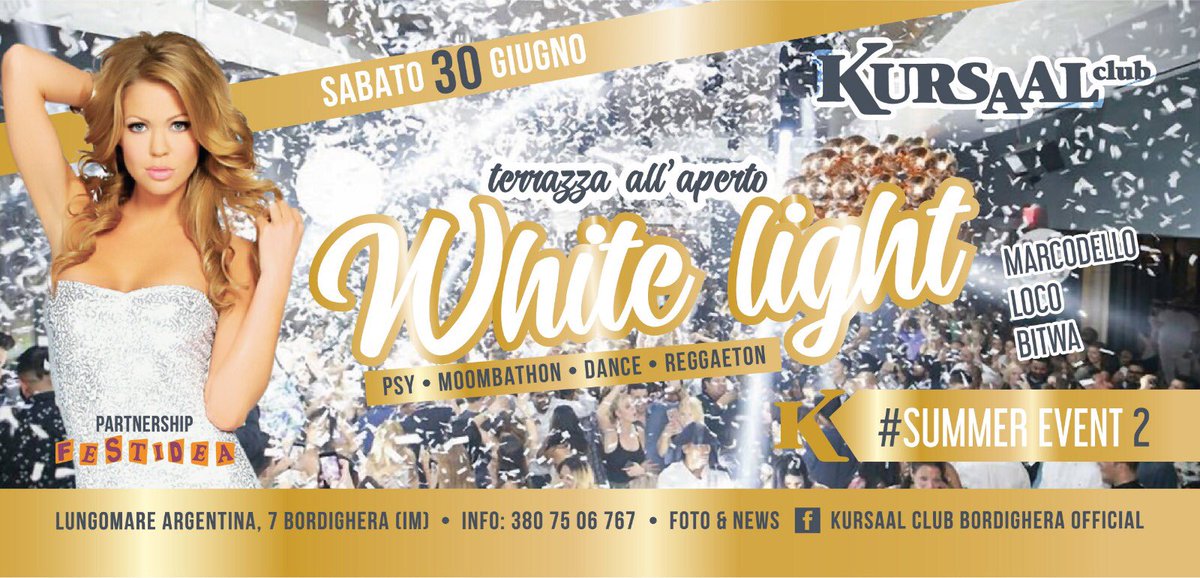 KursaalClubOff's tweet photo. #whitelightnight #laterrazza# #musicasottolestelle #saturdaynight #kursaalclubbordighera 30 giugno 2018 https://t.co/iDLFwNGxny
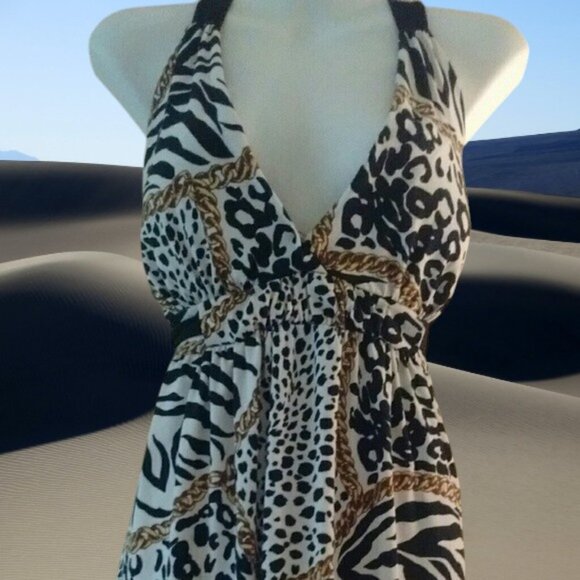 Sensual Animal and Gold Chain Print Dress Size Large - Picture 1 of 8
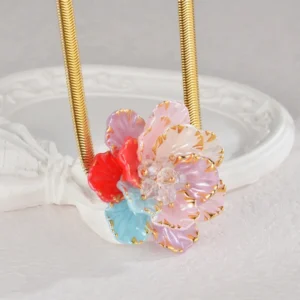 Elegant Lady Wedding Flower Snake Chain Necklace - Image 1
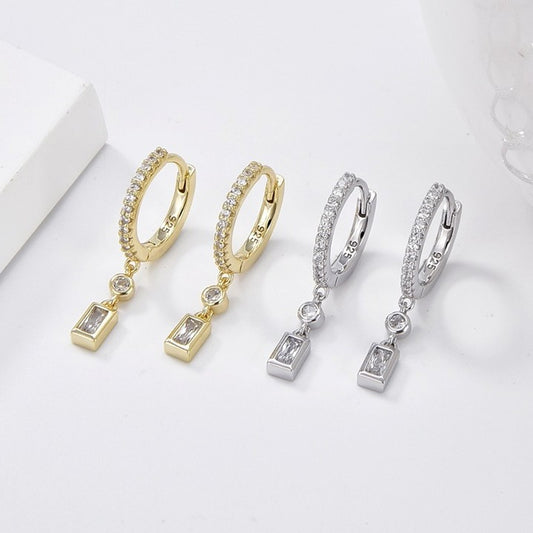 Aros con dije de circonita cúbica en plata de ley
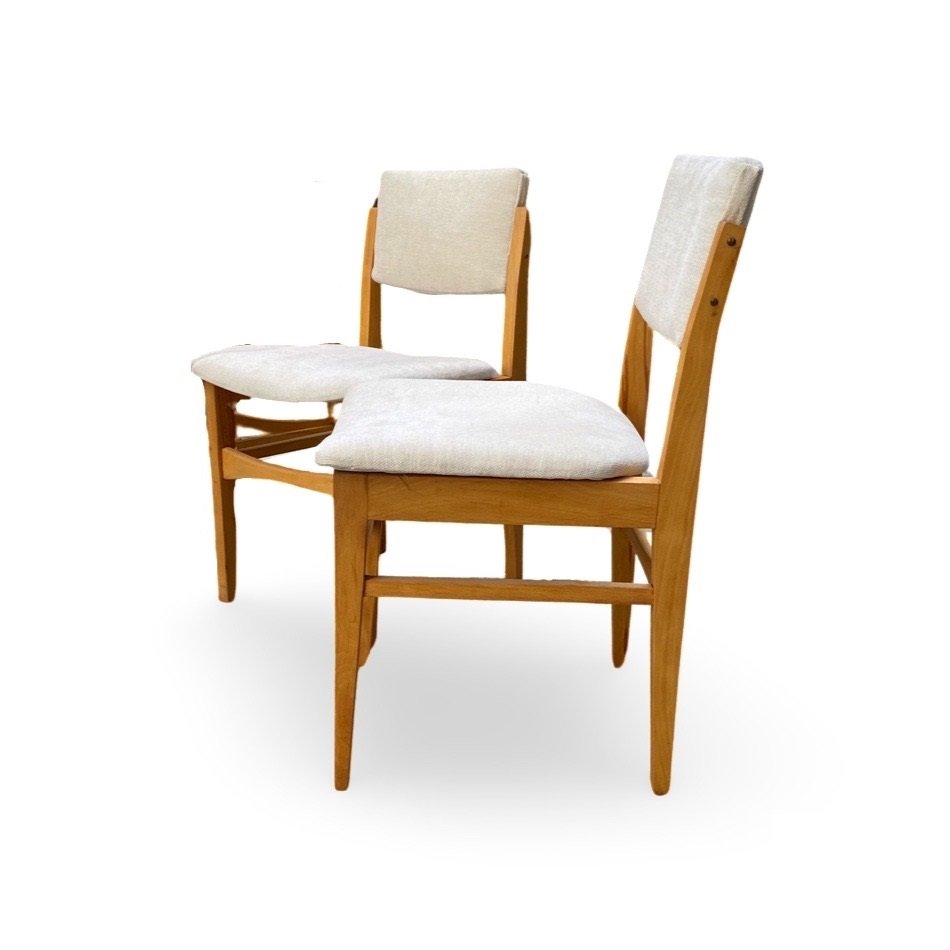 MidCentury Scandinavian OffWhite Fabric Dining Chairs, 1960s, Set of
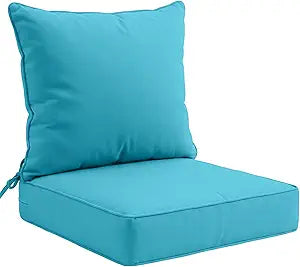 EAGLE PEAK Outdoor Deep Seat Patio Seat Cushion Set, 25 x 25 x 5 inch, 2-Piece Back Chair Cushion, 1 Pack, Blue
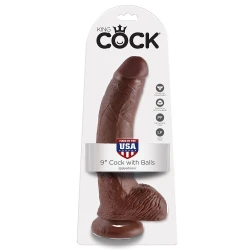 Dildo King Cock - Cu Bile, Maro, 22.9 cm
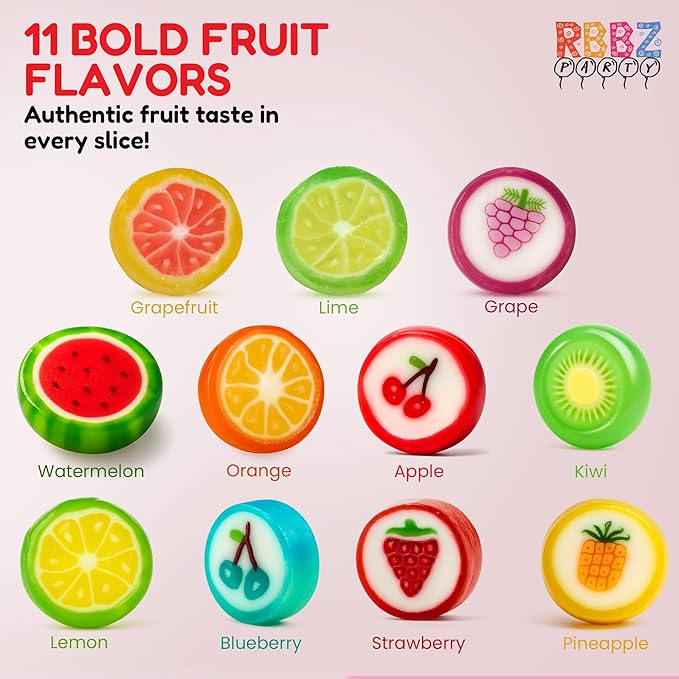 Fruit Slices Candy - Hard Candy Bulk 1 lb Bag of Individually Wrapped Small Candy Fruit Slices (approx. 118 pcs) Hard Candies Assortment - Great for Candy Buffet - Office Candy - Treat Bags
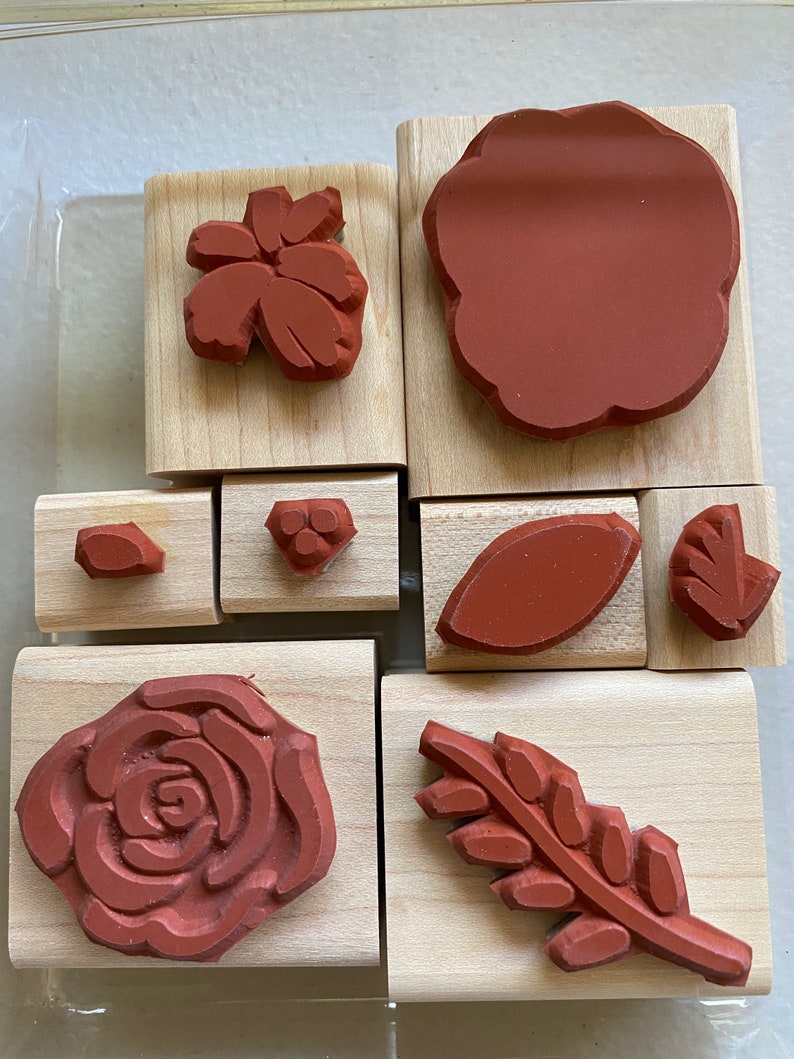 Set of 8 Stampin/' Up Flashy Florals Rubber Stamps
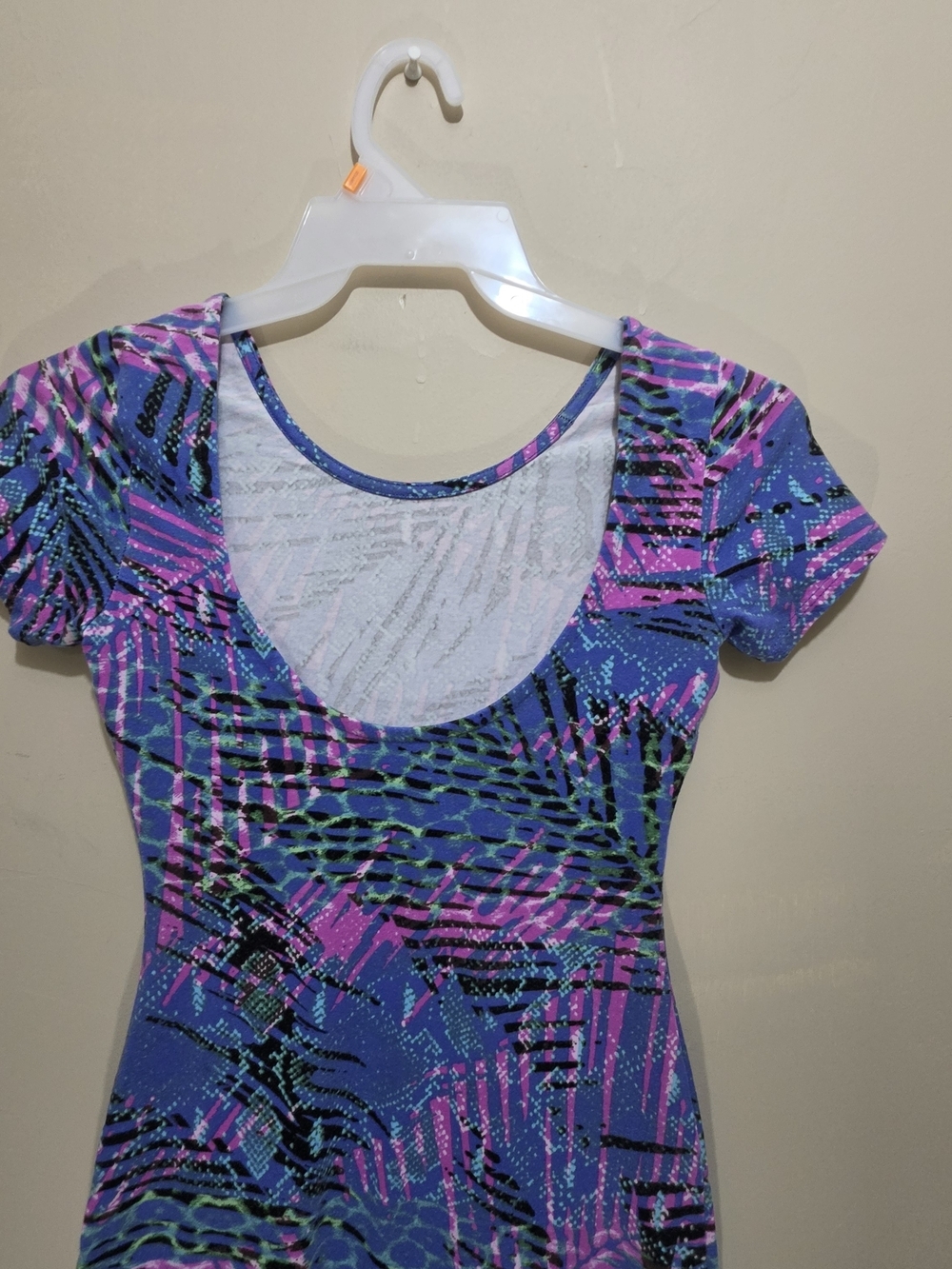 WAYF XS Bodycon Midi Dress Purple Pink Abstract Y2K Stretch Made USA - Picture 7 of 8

□ □ □

What you should do – If you see a picture in the listing, skip it while copying everything else exactly.

Completed task –
 KursaalClubOff's tweet photo. #whitelightnight #laterrazza# #musicasottolestelle #saturdaynight #kursaalclubbordighera 30 giugno 2018 https://t.co/iDLFwNGxny
 Sensual Animal and Gold Chain Print Dress Size Large - Picture 1 of 8
 Elegant Lady Wedding Flower Snake Chain Necklace - Image 1
 Aros con dije de circonita cúbica en plata de ley
 MidCentury Scandinavian OffWhite Fabric Dining Chairs, 1960s, Set of
 EAGLE PEAK Outdoor Deep Seat Patio Seat Cushion Set, 25 x 25 x 5 inch, 2-Piece Back Chair Cushion, 1 Pack, Blue
 Dildo King Cock - Cu Bile, Maro, 22.9 cm
 Fruit Slices Candy - Hard Candy Bulk 1 lb Bag of Individually Wrapped Small Candy Fruit Slices (approx. 118 pcs) Hard Candies Assortment - Great for Candy Buffet - Office Candy - Treat Bags
 Set of 8 Stampin/' Up Flashy Florals Rubber Stamps
 WAYF XS Bodycon Midi Dress Purple Pink Abstract Y2K Stretch Made USA - Picture 7 of 8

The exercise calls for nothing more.